▶ What the task requires
Starting at the line that holds "Сухой корм для" and stopping at the line that holds "Rua Sargento João", restate the records below word for word, with both of those lines included.

»»

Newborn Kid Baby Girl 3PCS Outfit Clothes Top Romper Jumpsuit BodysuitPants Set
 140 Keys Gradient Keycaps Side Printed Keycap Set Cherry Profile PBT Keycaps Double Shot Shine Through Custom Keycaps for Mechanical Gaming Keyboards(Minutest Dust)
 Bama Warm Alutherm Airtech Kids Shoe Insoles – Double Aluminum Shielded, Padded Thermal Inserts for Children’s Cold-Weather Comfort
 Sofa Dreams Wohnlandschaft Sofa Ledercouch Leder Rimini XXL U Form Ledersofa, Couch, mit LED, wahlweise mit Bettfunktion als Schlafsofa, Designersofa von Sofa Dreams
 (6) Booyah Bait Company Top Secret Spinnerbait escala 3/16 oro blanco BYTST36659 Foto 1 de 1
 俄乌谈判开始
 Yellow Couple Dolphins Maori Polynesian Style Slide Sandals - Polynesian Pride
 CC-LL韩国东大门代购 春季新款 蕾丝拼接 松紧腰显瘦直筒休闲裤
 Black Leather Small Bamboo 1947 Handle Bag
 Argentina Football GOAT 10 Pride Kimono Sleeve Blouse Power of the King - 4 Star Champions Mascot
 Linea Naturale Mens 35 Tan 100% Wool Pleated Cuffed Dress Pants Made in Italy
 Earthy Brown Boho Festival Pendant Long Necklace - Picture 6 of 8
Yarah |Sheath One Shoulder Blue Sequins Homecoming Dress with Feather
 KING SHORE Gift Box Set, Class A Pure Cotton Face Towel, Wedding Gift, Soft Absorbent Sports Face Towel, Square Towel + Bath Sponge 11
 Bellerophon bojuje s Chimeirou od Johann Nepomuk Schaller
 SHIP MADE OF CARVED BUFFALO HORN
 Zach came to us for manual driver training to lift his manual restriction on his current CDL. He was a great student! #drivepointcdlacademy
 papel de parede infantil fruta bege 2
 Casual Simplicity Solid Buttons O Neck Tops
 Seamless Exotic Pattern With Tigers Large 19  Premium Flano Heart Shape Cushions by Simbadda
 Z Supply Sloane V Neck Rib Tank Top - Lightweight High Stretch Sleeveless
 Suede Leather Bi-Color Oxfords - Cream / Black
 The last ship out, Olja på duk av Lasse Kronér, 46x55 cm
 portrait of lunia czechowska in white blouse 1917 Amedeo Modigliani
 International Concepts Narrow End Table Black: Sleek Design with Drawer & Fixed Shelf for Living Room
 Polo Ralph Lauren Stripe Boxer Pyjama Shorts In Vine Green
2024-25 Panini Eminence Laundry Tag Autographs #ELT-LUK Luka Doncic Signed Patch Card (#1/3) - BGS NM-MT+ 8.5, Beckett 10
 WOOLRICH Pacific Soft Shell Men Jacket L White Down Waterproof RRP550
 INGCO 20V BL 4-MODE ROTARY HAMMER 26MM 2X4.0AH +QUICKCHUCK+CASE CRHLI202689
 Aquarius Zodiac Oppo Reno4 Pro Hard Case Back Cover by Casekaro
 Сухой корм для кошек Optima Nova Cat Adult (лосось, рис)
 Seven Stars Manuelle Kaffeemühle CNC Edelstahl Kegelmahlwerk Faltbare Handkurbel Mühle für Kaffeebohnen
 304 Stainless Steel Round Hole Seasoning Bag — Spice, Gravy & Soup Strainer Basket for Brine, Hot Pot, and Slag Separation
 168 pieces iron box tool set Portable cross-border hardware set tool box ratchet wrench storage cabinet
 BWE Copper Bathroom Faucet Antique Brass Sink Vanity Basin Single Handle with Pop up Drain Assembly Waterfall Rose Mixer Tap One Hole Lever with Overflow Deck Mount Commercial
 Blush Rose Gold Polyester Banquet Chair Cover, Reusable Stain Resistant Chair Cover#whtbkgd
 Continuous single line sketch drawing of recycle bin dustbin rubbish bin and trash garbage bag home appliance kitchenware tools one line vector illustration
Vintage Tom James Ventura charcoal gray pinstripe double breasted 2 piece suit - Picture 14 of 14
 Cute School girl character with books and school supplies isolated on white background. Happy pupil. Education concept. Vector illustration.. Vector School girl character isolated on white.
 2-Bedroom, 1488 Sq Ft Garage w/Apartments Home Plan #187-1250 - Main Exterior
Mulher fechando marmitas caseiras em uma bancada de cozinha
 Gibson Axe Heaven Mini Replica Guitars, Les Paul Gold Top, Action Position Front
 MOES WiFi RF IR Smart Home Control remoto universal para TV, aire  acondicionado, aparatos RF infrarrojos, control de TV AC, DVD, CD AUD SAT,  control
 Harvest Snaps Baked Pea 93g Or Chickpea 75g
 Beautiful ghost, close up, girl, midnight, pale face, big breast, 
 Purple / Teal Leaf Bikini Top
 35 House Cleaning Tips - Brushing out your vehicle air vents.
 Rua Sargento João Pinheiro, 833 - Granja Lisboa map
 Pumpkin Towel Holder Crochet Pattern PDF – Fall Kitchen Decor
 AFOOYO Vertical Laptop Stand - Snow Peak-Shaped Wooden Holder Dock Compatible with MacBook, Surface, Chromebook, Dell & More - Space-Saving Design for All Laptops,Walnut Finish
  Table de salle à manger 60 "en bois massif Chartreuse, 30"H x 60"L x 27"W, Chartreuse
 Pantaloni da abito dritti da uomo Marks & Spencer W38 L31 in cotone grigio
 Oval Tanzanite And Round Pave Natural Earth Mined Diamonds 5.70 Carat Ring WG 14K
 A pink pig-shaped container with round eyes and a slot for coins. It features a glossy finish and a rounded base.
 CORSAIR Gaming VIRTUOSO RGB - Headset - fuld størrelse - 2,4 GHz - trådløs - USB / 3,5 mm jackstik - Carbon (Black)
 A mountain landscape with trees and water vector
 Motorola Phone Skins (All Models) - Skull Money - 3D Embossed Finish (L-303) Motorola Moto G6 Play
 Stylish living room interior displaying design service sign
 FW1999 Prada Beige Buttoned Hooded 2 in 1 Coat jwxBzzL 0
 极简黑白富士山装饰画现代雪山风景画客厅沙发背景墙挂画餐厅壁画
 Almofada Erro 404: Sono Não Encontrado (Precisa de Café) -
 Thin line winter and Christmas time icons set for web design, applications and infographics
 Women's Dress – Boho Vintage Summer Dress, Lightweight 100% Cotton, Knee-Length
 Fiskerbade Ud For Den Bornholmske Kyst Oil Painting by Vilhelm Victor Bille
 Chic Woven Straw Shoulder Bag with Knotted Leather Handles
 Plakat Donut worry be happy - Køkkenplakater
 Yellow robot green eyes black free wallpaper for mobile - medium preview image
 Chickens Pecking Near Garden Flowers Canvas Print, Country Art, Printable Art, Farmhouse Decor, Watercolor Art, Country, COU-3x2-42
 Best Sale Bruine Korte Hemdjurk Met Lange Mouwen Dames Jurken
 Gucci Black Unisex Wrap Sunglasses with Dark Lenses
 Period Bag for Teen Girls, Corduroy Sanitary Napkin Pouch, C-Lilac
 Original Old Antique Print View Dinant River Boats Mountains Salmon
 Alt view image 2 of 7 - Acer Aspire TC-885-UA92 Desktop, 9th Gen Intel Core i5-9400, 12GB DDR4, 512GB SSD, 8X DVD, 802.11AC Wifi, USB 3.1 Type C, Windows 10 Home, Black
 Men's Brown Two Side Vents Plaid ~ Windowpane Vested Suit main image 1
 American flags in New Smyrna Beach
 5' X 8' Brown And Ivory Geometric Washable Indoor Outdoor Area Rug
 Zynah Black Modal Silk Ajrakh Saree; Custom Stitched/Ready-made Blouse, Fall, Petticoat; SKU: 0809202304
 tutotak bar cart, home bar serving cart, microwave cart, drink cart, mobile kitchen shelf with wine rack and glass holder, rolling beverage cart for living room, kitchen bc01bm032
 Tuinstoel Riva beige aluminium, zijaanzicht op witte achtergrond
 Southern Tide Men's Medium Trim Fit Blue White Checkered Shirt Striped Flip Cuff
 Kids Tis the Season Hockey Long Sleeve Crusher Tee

««

▶ Response
 Сухой корм для кошек Optima Nova Cat Adult (лосось, рис)
 Seven Stars Manuelle Kaffeemühle CNC Edelstahl Kegelmahlwerk Faltbare Handkurbel Mühle für Kaffeebohnen
 304 Stainless Steel Round Hole Seasoning Bag — Spice, Gravy & Soup Strainer Basket for Brine, Hot Pot, and Slag Separation
 168 pieces iron box tool set Portable cross-border hardware set tool box ratchet wrench storage cabinet
 BWE Copper Bathroom Faucet Antique Brass Sink Vanity Basin Single Handle with Pop up Drain Assembly Waterfall Rose Mixer Tap One Hole Lever with Overflow Deck Mount Commercial
 Blush Rose Gold Polyester Banquet Chair Cover, Reusable Stain Resistant Chair Cover#whtbkgd
 Continuous single line sketch drawing of recycle bin dustbin rubbish bin and trash garbage bag home appliance kitchenware tools one line vector illustration
Vintage Tom James Ventura charcoal gray pinstripe double breasted 2 piece suit - Picture 14 of 14
 Cute School girl character with books and school supplies isolated on white background. Happy pupil. Education concept. Vector illustration.. Vector School girl character isolated on white.
 2-Bedroom, 1488 Sq Ft Garage w/Apartments Home Plan #187-1250 - Main Exterior
Mulher fechando marmitas caseiras em uma bancada de cozinha
 Gibson Axe Heaven Mini Replica Guitars, Les Paul Gold Top, Action Position Front
 MOES WiFi RF IR Smart Home Control remoto universal para TV, aire  acondicionado, aparatos RF infrarrojos, control de TV AC, DVD, CD AUD SAT,  control
 Harvest Snaps Baked Pea 93g Or Chickpea 75g
 Beautiful ghost, close up, girl, midnight, pale face, big breast, 
 Purple / Teal Leaf Bikini Top
 35 House Cleaning Tips - Brushing out your vehicle air vents.
 Rua Sargento João Pinheiro, 833 - Granja Lisboa map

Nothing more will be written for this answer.